The scenes dealing with the early days of the crisis are more emotionally effective than the scenes set later on the river, which ask us to believe that Bullock’s character has become so psychologically shattered by the deaths of pretty much everyone in her life that she won’t even give her young charges names — hence ‘Boy’ and ‘Girl.’ The idea is that she doesn’t want to feel any attachment to them in case they’re also killed, but the film fails to convince us that her trauma is so advanced and profound that she’s arrived at this kind of twisted logic. It’s not really Bullock’s fault — she’s front and center emotionally and narratively for the bulk of the film, and does a good job of carrying the action, but needed another couple of scenes or incidents to really drive home the extent of her character’s damage.
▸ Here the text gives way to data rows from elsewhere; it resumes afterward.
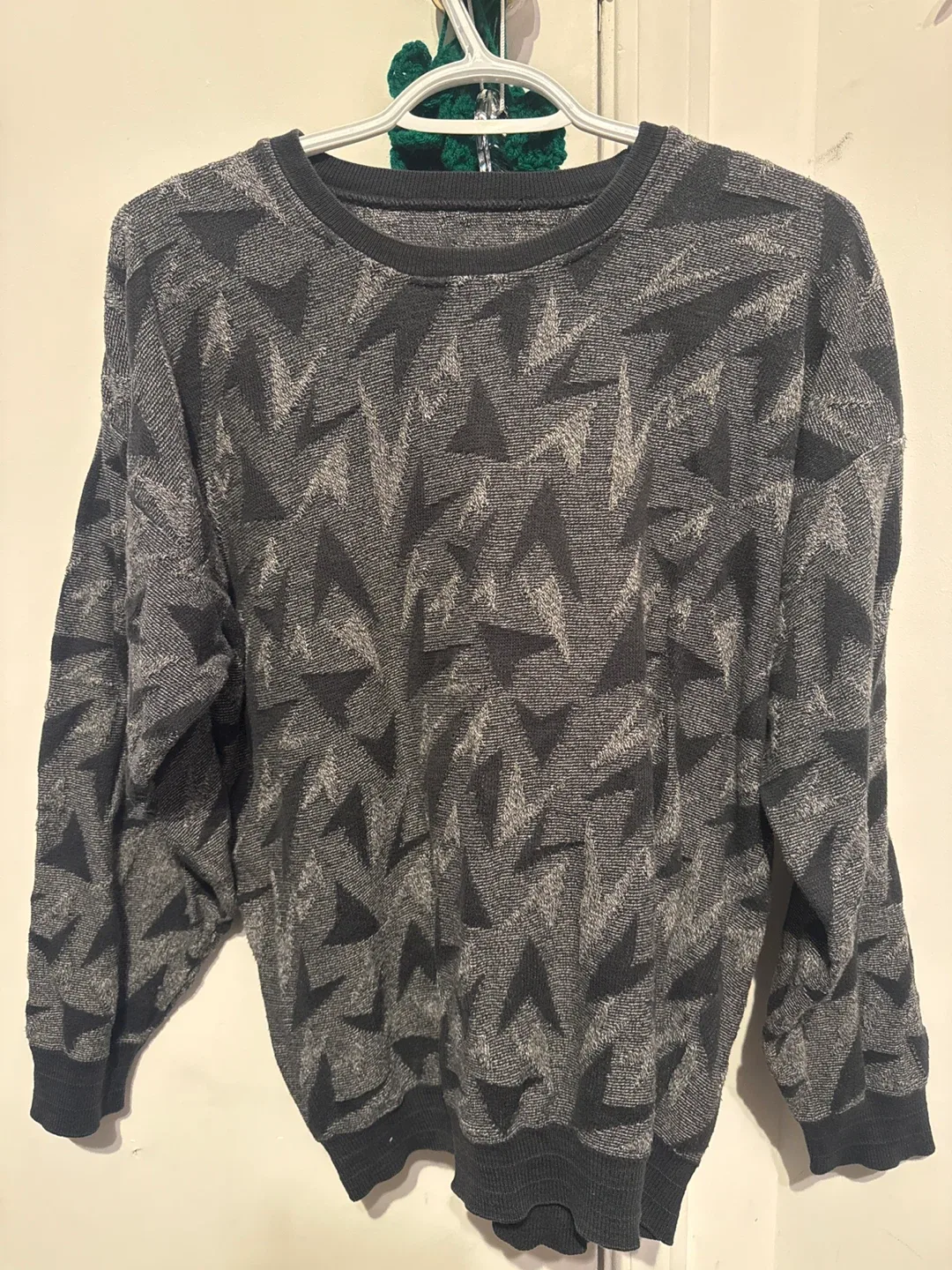 Vintage Grey Geomtric Sweater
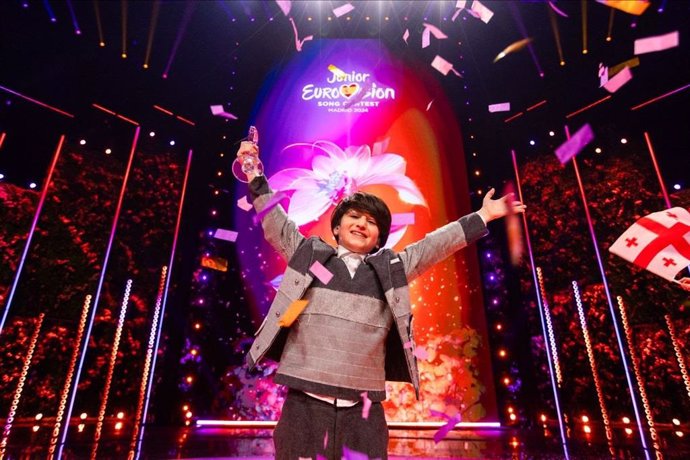 Andria Putkaradze, representante de Georgia y ganador de Eurovisión Junior 2024, se ha mostrado feliz tras alzarse con el trofeo de la XXII edición del certamen infantil, que ha acogido Madrid por primera vez en su historia.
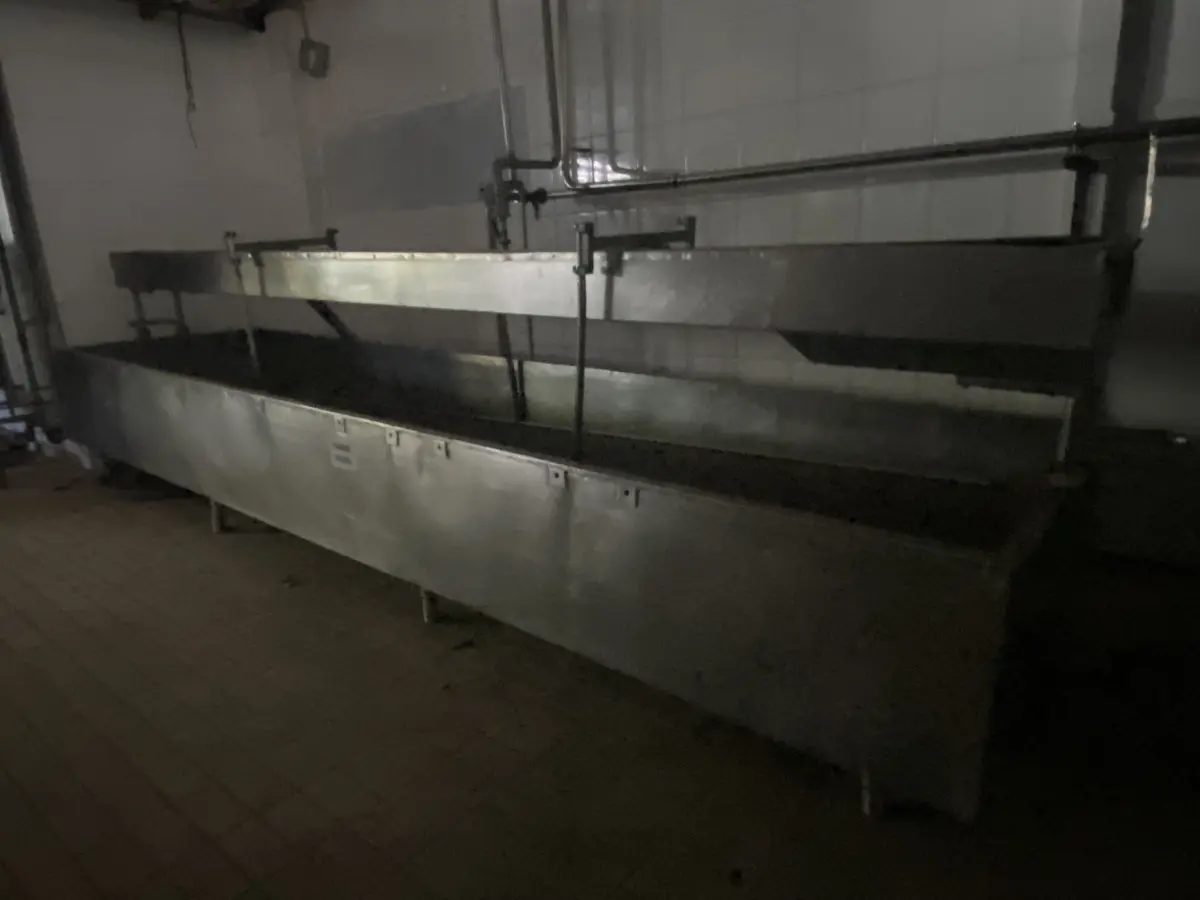 LOTE 023 - 01 caixa inox 5.000 litros dreno prensa sucata (sem prensa)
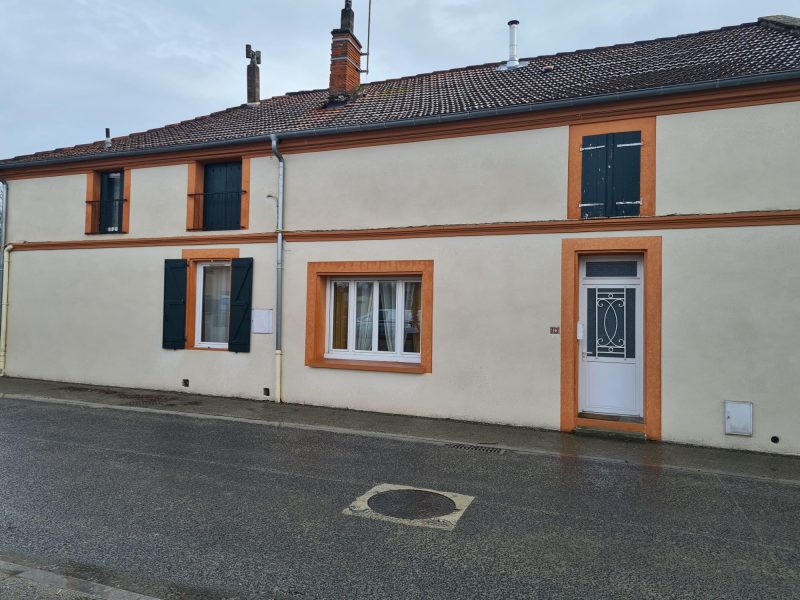 Façade de la maison à Grisolles présentant des dégradations de briques liées aux remontées capillaires - intervention Mur-Tronic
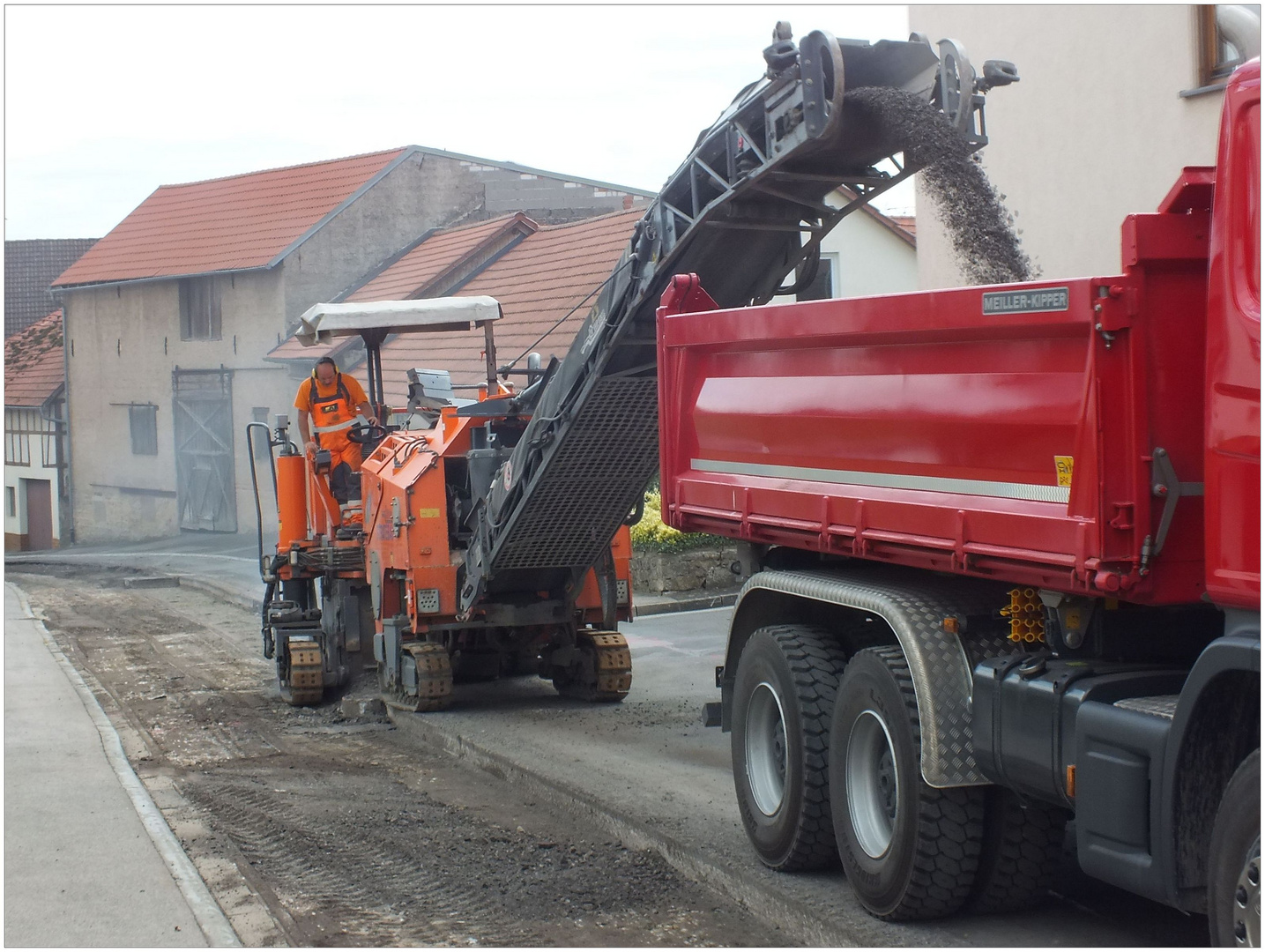 Nach dem Spatenstich kam die Straßenfräse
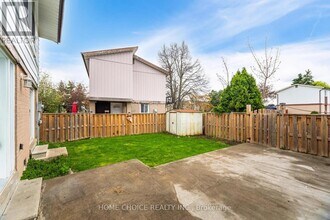 2 Hunt Club Dr in Brampton, ON - Building Photo - Building Photo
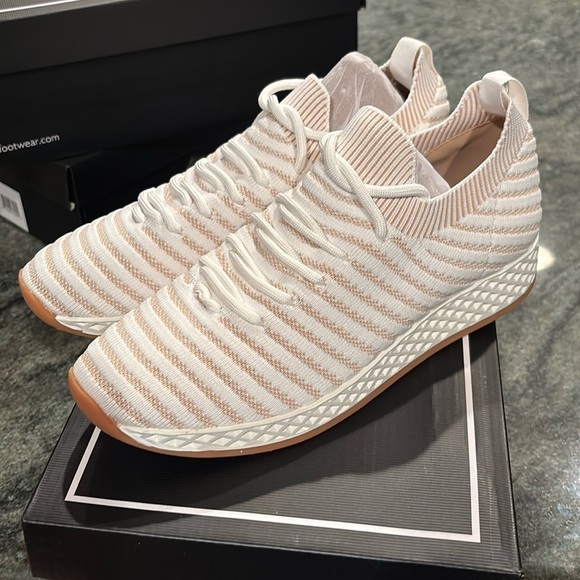 J/Slides Shoes - Women's J/Slides Sneakers, White & beige, various sizes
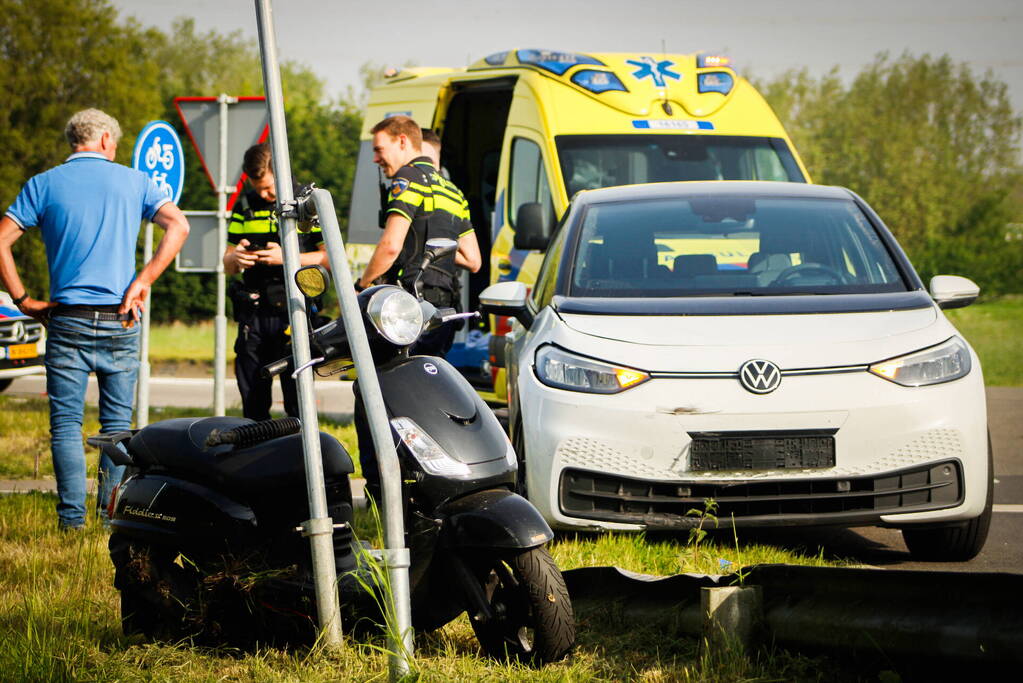 Scooterrijder komt hard ten val na voorrangsfout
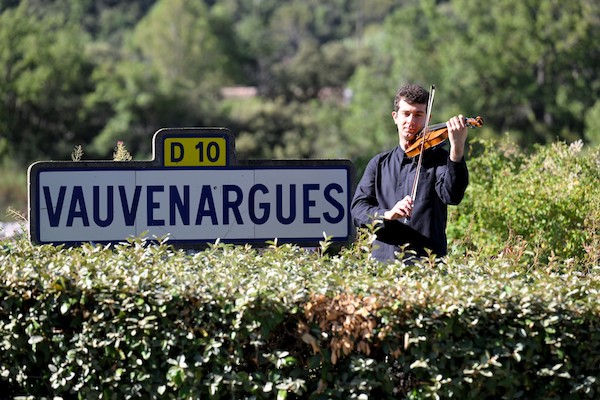 Le violoniste syrien Bilal Al Nemr pratique à Vauvenargues, dans le sud de la France, le 29 juin 2022. Il a tenu à remercier les habitants pour leur accueil en organisant un festival de musique dans ce village d'à peine 1 000 habitants du 1er au 3 juillet. (Photo, AFP)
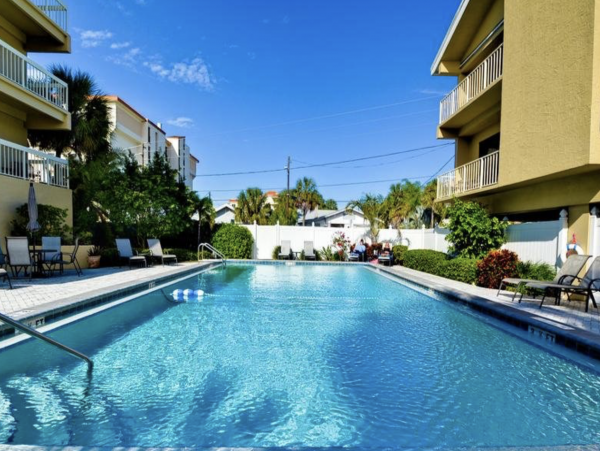 Charming Two Bedroom Condo in Clearwater Beach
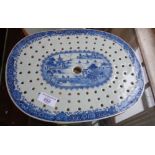 18th c. Chinese blue and white drainer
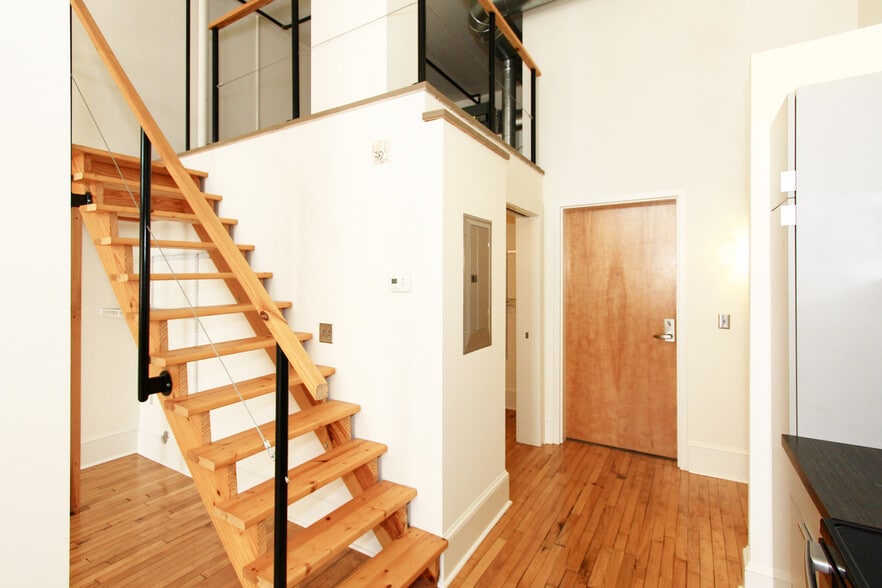 Building Photo - 505 Union Ave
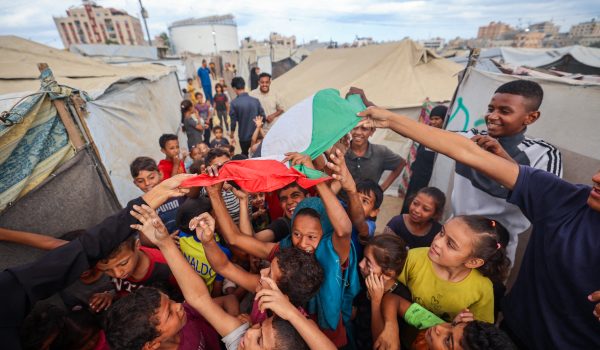 Niños palestinos celebran en un campamento para desplazados en Nuseirat tras la noticia de un nuevo acuerdo de alto el fuego en Gaza. (Foto de Eyad BABA / AFP)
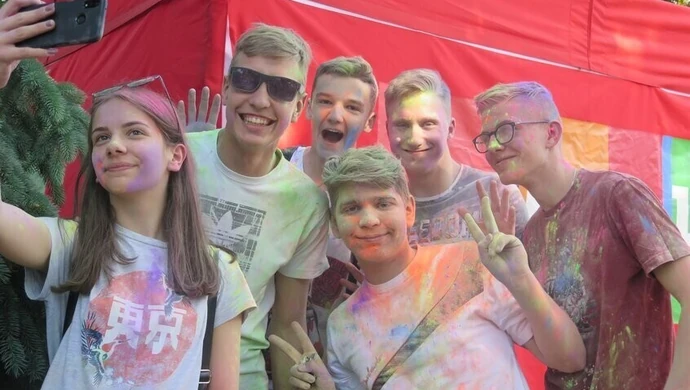 Juvenalia. Eksplozja Kolorów i przegląd kapel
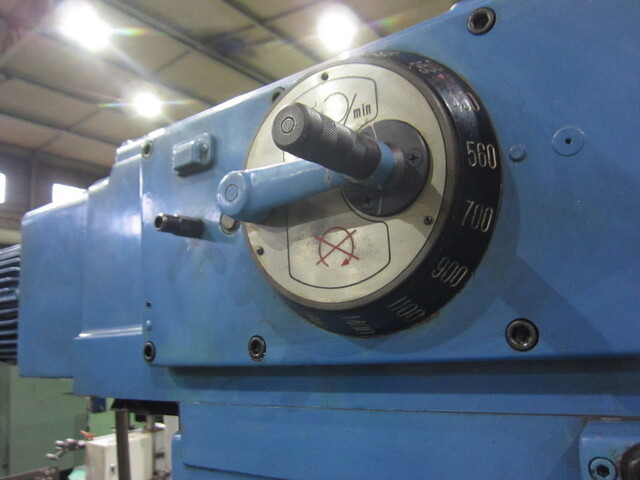 MAKINO BGII-85 Vertical Milling Machine Image 4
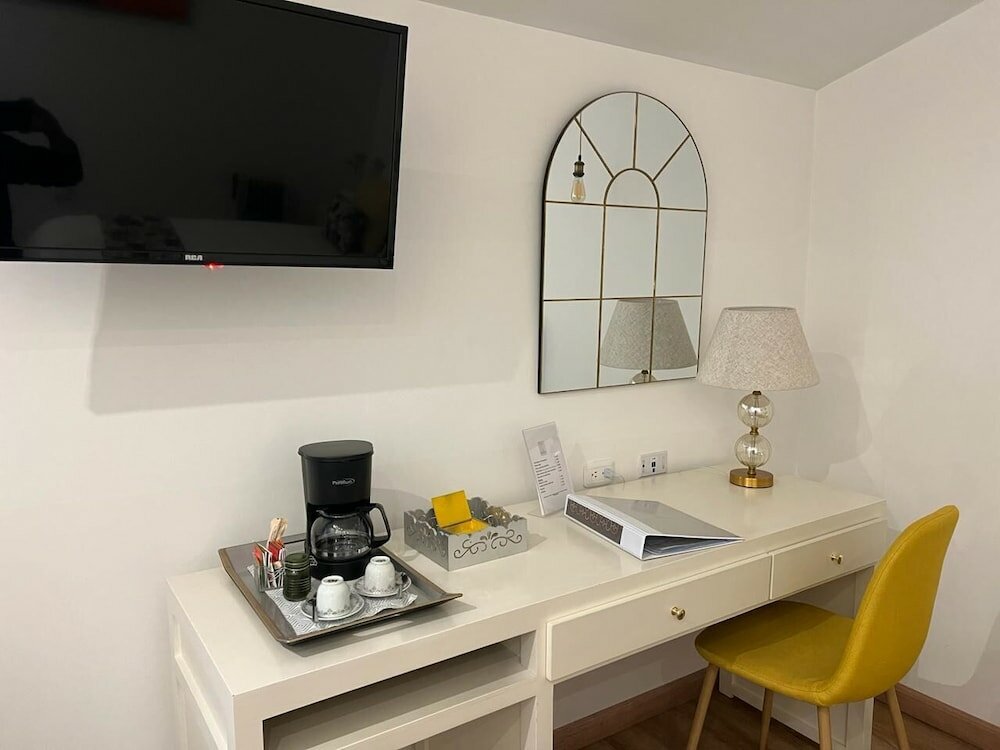 Фото Adamas House Hotel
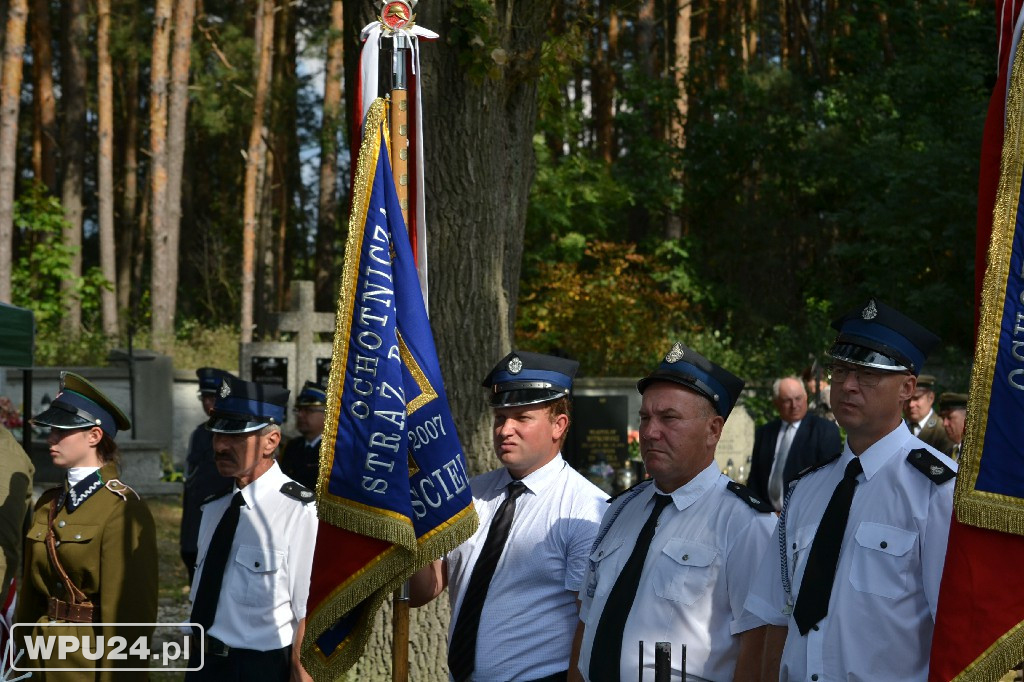 Uroczystości patriotyczne w Obrytem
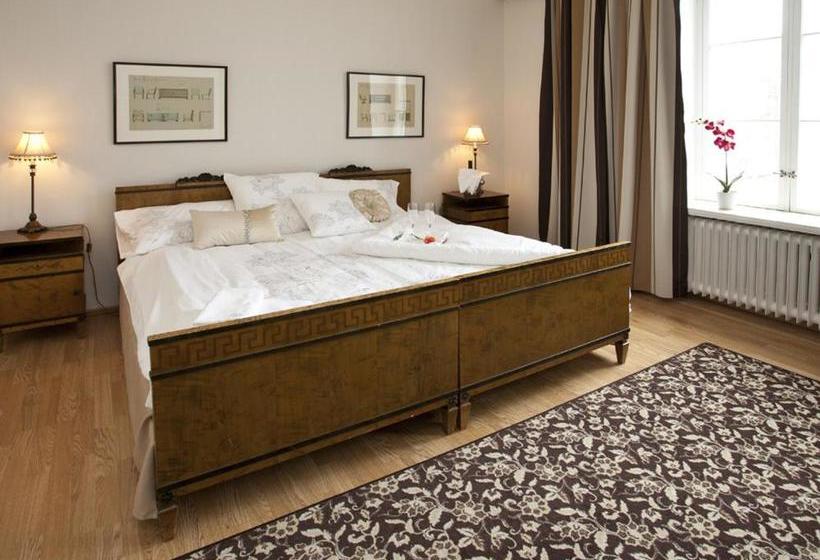 فندق Li Ravintola Mäntän Klubi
Suspense is heightened by Bird Box’s other conceptual elaboration, the idea that those who are already crazy don’t kill themselves after seeing the whatever-they-ares — but they are compelled to force other people to look at them. That’s a pretty poor bit of representation for the mentally ill (where’s the line? If you have anxiety disorder do you fall into this category, or do you have to be full-tilt mental?), but does mean that we get the additional threat of people wandering around ripping down window blinds, shattering barricades, laying traps, and forcing survivors to gaze upon the uncanny. It’s a necessary complication — the ‘things’ themselves are by their nature a passive threat, so the film needs a more active element of danger to keep things tight.

While the split time period does rob the film of some of its tension, we don’t lose too much more than what a decent handle on the conventions of the subgenre robs us of. We know that Sandy B is going to survive the housebound portion of the film, and we know the two pregnancies depicted will come to successful fruition. We have a fair idea that most of the supporting players are cactus, with the fun coming from seeing how, why, and when they go to meet their maker. That kind of thing is largely unavoidable unless you’re setting out to deliberately and methodically subvert conventions, and Bird Box is most assuredly not taking that path.

Boxed In

So, what we have here is a solid, generally effectively, frequently gory apocalyptic horror scenario inhabited by a talented line-up of character actors who approach their inevitable doom with gusto. The general shape of the plot is familiar to anyone who’s spent much time in this neck of the genre, but there are enough new angles to keep all but the most jaded veterans engaged. Bird Box doesn’t shatter any paradigms, but it’s not trying to — what it does do, however, it does well.